“It always was, and still is, about a mutual respect between brands,” cites Burgdorf. “If you take Collette, for example, as one of the first back in ’97, she knew of the brand from her travels to Europe, loved what she’d seen and was interested in collaborating. Of course, I knew of her brand in Australia and what she stood for; she’s Australian, and [her brand] was about quality, it was about detail and it was about beautiful but functional artisanship and design work. It was a good fit with Audi. Collette was still relatively early on in her career, but clearly making big inroads and just had such a great sense of credibility and authenticity and a no-compromise kind of approach; that worked well for our brand too. It was always about collaboration.”
Certainly for Collette, as the first female ambassador for Audi, it’s been equal parts ground breaking and a mutually rewarding experience.
“I think being one of the first [ambassadors], and the first female, I was always questioned, what was my relationship with cars? We’re talking 20 years ago; and it’s very much a male dominated world. But as we now know women often make the decision on what car you buy; for practical reasons, for safety, for design,” explains Dinnigan. “For me I always thought Audi was a very luxury branded car that was well designed.
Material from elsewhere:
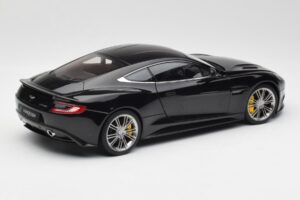 Aston Martin Vanquish Onyx Черен AUTOart 1:18 70247 Метал — снимка 3 от 8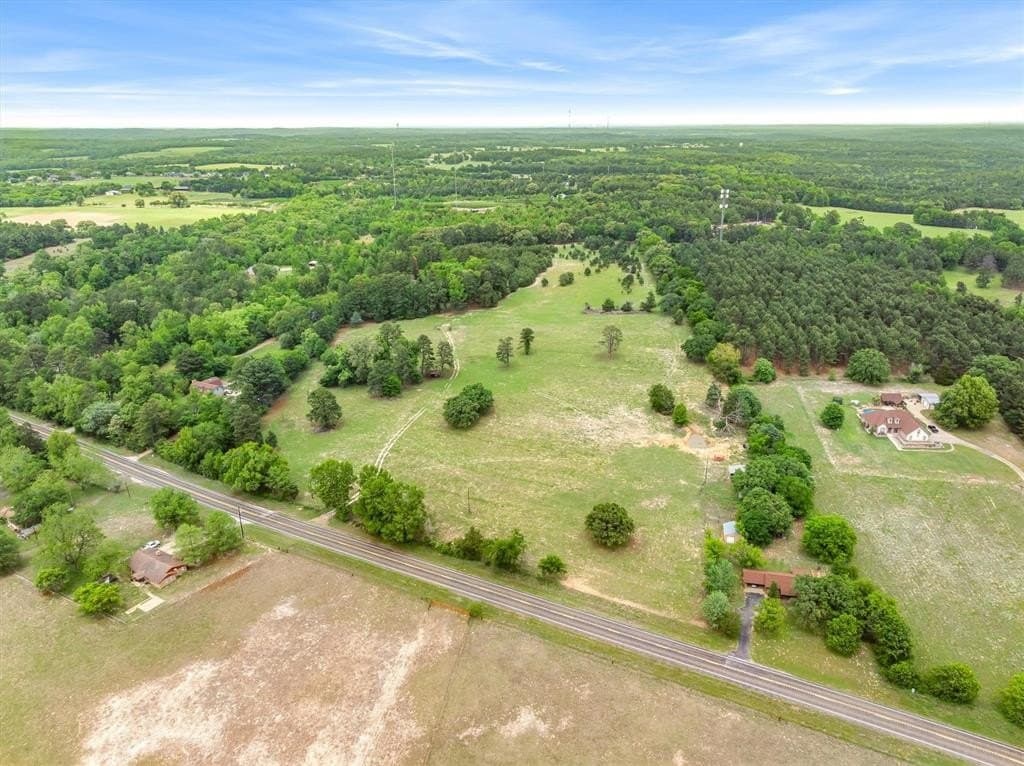 30 acres in Smith County gallery image 3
It felt great and it still feels so good to do something where you’re the first to be an ambassador to a company that people maybe would’ve thought contradicted your own sensibilities. Audi was there, they did it first, they do it best, it’s authentic,” Dinnigan continues.
“I think they’ve been very clever in the way they’ve chosen the people that they did. They’re very professional, can actually laugh at themselves; and we can have fun together. It’s not competitive because we’re not wanting attention; in fact most of us, I think, are quite happy to take a back foot.”